Homeschooling Math: Start Where You Are

There’s a well-known quote attributed to tennis champion Arthur Ashe (and to President Theodore Roosevelt, and probably others):

“Start where you are, use what you have, do what you can.”

How does this apply to learning math?

Many homeschoolers fear that their students have fallen behind grade level in math and worry about how to catch up.

We have an educational myth that math is a steady progression of topics arranged by ever-increasing complexity with regular signposts like mile markers that identify what students must learn at each stage along the way.

For example, first-grade students can add one-or two-digit numbers, but three-digit numbers are beyond them. Second-grade students can add three- or four-digit numbers, but never wander off into millions and billions. And so forth.

That is one valid path to learning math.

But it is also true that you can delay teaching formal math, and your children will pick it up quickly when they’re ready. A middle-school student can leap from 3 + 4 = 7 to 3 million plus 4 million = 7 million, and 3 fourths + 4 fourths = 7 fourths, and even 3× + 4x = 7x, all in a matter of minutes.

That is also a valid path to learning math.

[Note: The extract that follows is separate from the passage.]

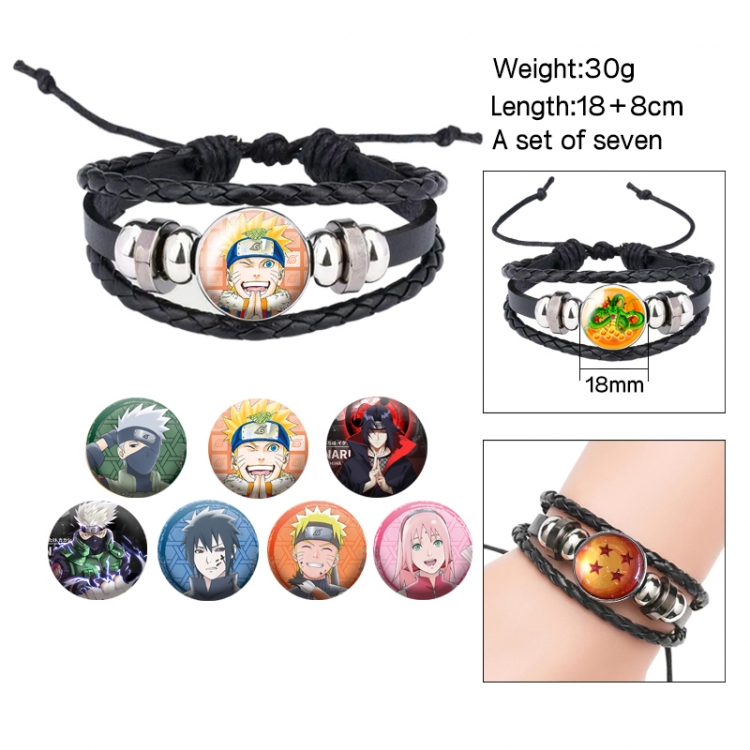 Naruto Anime Freestyle Crystal Leather Rope Bracelet Set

Another valid path, one which surprises many people, is that students can begin by playing with algebra and then later mix in numerical calculations. (See the earlier posts on math manipulatives and big ideas.)

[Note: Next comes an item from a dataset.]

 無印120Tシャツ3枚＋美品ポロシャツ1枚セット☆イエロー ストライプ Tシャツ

This is why I often say math is more like a nature walk than like climbing a ladder rung by rung. You can take off exploring in any direction. As long as you take the time to make sense of each new idea you meet, you are going to make progress in learning math.

Start where you are.

Don’t worry about where you think you should be. There is no “should” to learning math, there is only each person’s journey of reasoning and building mental connections.

As I said last week, a textbook is like a roadmap, showing some of the places you might go on your learning journey. But you are in charge of the adventure, deciding where to visit, how long to stay, and when to branch off on an unexpected side trip.

Use what you have.

Don’t worry about memorizing someone else’s method. “Do what I told you” is the most tedious and boring way to learn any subject.

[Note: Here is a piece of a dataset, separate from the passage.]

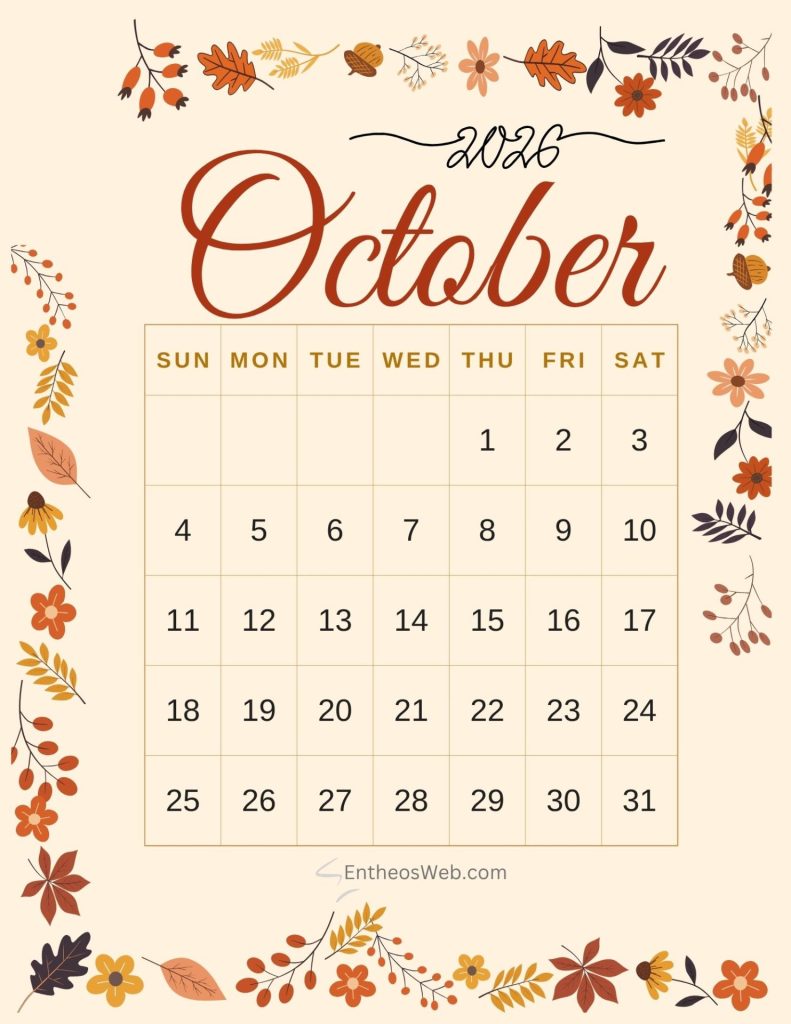 October calendar printable with fall border october calendar fall leaves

If you don’t know how to solve a particular math problem, that’s great! That means you have a puzzle to figure out, and figuring out puzzles is fun.

Do what you can.

Take the time to Notice, Wonder, Create:

• Notice the details about the problem, how it is similar to and different from puzzles you have seen before.

• Wonder about the similarities and differences and what patterns they might lead you to discover.

• Create a deeper understanding of the problem as you make connections between the things you noticed and wondered about.

Perhaps you will create a solution to your problem. Perhaps you will create an insight that may help you solve more problems in the future. Or perhaps you will create new questions to ask, a new awareness of the boundaries of your understanding.

Either way, you have done some real mathematics. You have grown as a mathematical thinker.

And that is the best path of all, because it is your own.